WHAT THE TASK ASKS: Leave every picture out and write out the records below exactly.

(Web page caption snippets)
##########

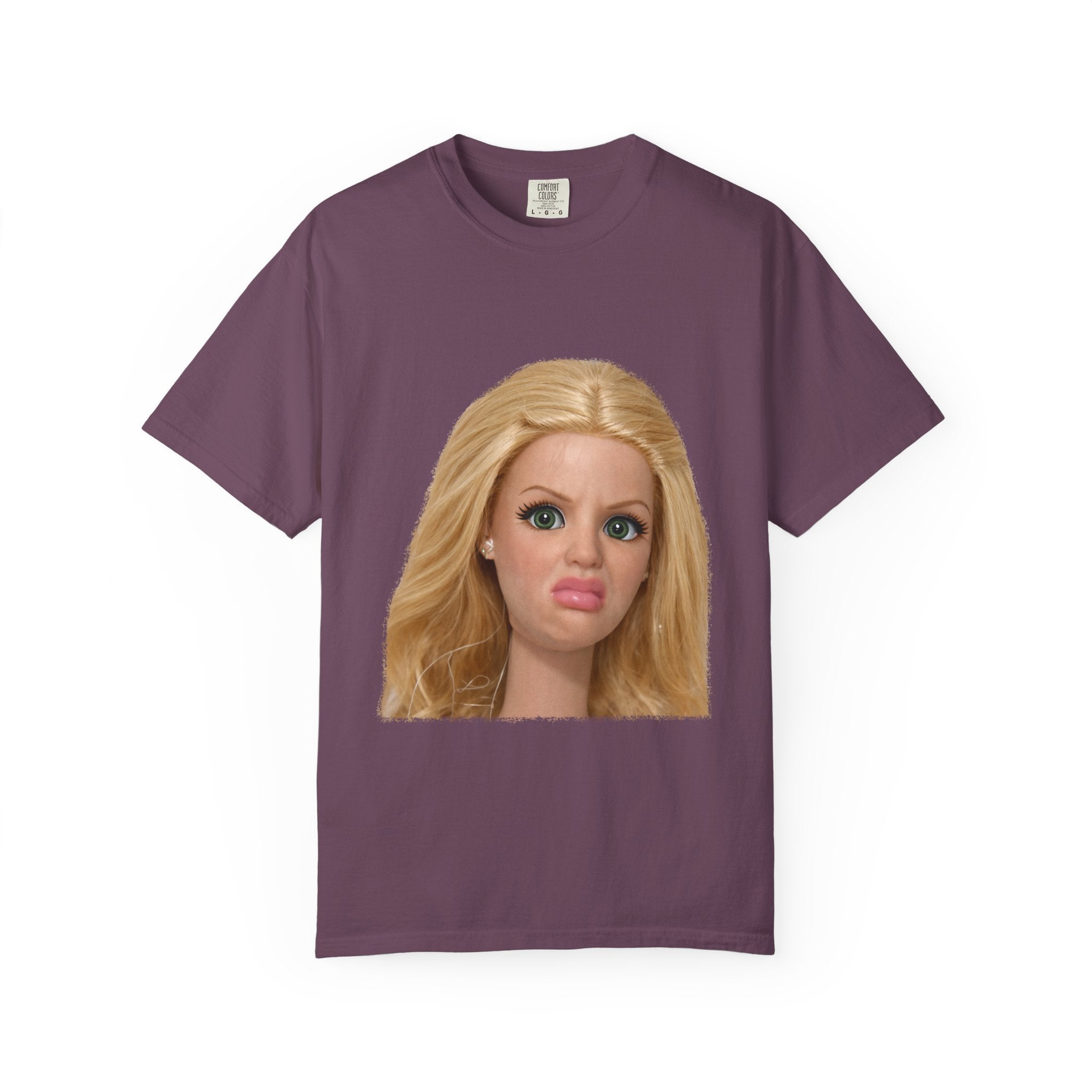 Funny Barbie Face Tee — Sassy Doll Expression Graphic T-Shirt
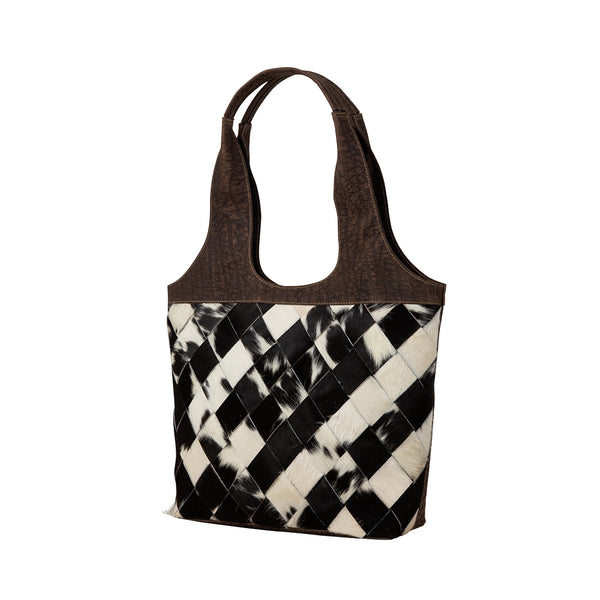 Pecos Rising Weave Pattern Leather Hairon Bag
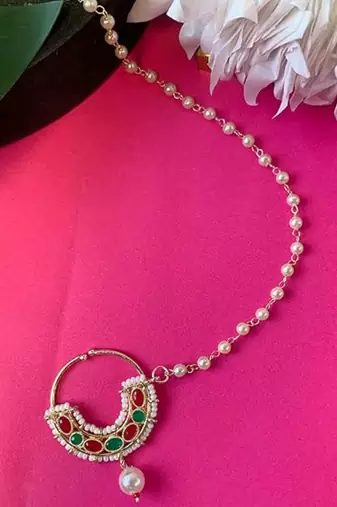 Bridal nose ring/nath without piercing with pearl chain encased with pearl stone for women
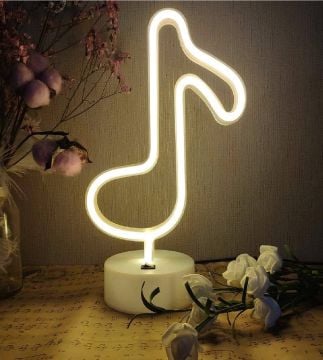 Dekoratif Led Neon Müzik Notası Şeklinde Işıklı Gece Lambası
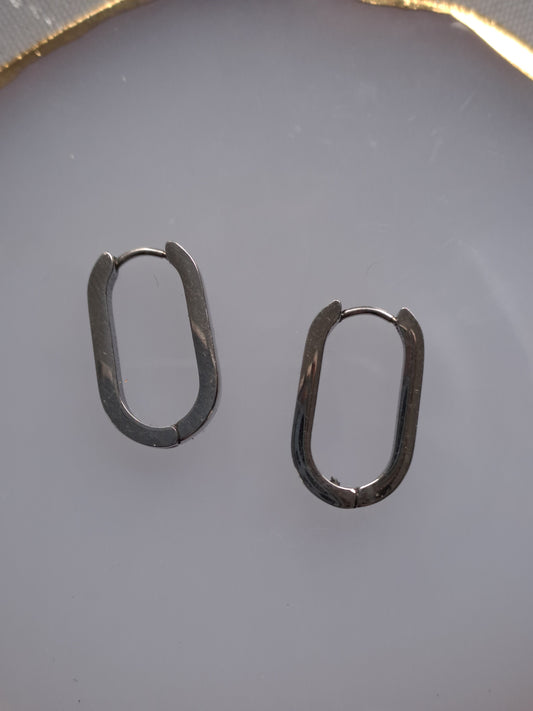 Créoles rectangles - 21 x 11 mm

##########

RESPONSE FOR THIS EXERCISE:
 Funny Barbie Face Tee — Sassy Doll Expression Graphic T-Shirt
 Pecos Rising Weave Pattern Leather Hairon Bag
 Bridal nose ring/nath without piercing with pearl chain encased with pearl stone for women
 Dekoratif Led Neon Müzik Notası Şeklinde Işıklı Gece Lambası
 Créoles rectangles - 21 x 11 mm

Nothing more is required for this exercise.